We developed a set of tools to provide decision support for community-based salmon recovery planning in Salish Sea watersheds. Here we describe how these tools are being integrated and applied in collaboration with Puget Sound tribes and community stakeholders to address restoration of hydrological and ecological processes critical to salmon recovery, and more broadly, to the functioning of entire watersheds and the ecosystem services they provide. For ongoing case studies in the Nisqually River and Tolt River watersheds in Washington, we are using a spatially-distributed watershed simulator – VELMA (Visualizing Ecosystem Land Management Assessments) – to quantify long-term effects of alternative forest management and climate scenarios on key salmon habitat variables, including peak and low flows, in-stream wood, fine sediment in spawning beds, and riparian condition.

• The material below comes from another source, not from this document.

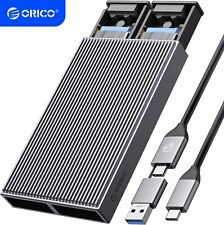 ORICO Aluminum Dual-Bay M2 NGFF/NVMe SATA SSD Hard Drive Enclosure USB3.2 10Gbps picture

Stream temperature will be simulated using Penumbra, a new stream shade and temperature model that is being integrated with VELMA. VELMA/Penumbra stream habitat outputs will be used to drive the EDT (Ecosystem Diagnosis and Treatment) fish habitat model to simulate habitat potential and salmon population responses to the forest management and climate scenarios. A 3-D visualization tool (VISTAS; Cushing et al. 2009) is being used to summarize and communicate model outcomes in an intuitive way. An important goal of the case studies is to identify community-based best management practices for mitigating and adapting to projected changes in climate. For example, where and what kinds of in-stream, riparian and upland restoration practices will be most effective for improving cold water refuges, spawning and rearing habitat, and hydrologic flow regimes (higher summer flows and lower peak flows)? Model results are also being used to help address other community concerns, such as the establishment of a Nisqually Community Forest that sustainably supports forest-sector jobs, recreation and tourism.

Record Details:

Record Type: DOCUMENT (PRESENTATION/SLIDE)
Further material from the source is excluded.